Debt & society, Real property & mortgages

Two trends in the housing crisis are intersecting in my practice:  we’re seeing more loan modifications, all the while we see more and more homeowners with whopping negative equity. The question I’m asking each client eager for a modification is “what do you expect for this property five years from now?”

Most loan modifications are simply tacking the arrears to the loan principal and lowering the interest rate for some time.  With a property already worth more than is owed, the arrearage gets capitalized, and the loan principal increases.

When the homeowner owes more than the property is worth, the only way that property can be sold or transfered is by short sale (if the lender agrees) or by foreclosure.  The homeowner is now chained to the property and any disposition of that property in the near future will involve either a protracted negotiation with the lender or a foreclosure and a further hit to the borrower’s credit report.

There are several moving parts in this problem:  how great is the deficit?  for how long will the property be appropriate for the client?  how does the mortgage payment in the modified loan compare to the cost of renting?  Each different combination of factors produces slightly different  analysis.

But the underlying issue remains:  the real property is not really an investment any longer, even with a modified loan.  It is a place to live presumably at a price you can afford today.  When it is no longer affordable or appropriate, you will have a property that is essentially unsaleable in the  conventional manner.

For many clients with loan modifications, we are just kicking the underlying problem down a road a ways.

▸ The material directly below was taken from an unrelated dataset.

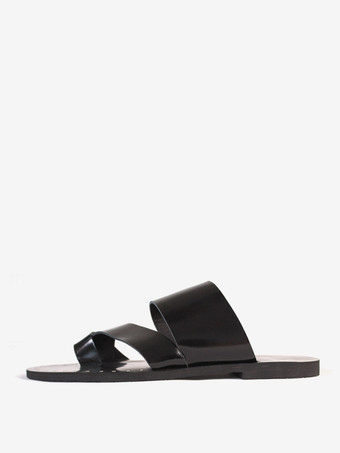 メンズサンダル リベット 牛革 ラバーソール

What is obvious to me is that the

2 Comments

2 Responses

  1. [...] After the Loan Modification: The Underwater House [...]

  2. Manuel  •  August 5, 2010 @6:22 am

    Your observations of the ‘underwater’ real estate presents quite a dilemma for
    any would be underwater owner facing any kind of a distressful cirscumstance
    to their economic life.
    Thanks for your advise.
    I’m facing that dilemma now due to special assessments for repairs to my
    condo building.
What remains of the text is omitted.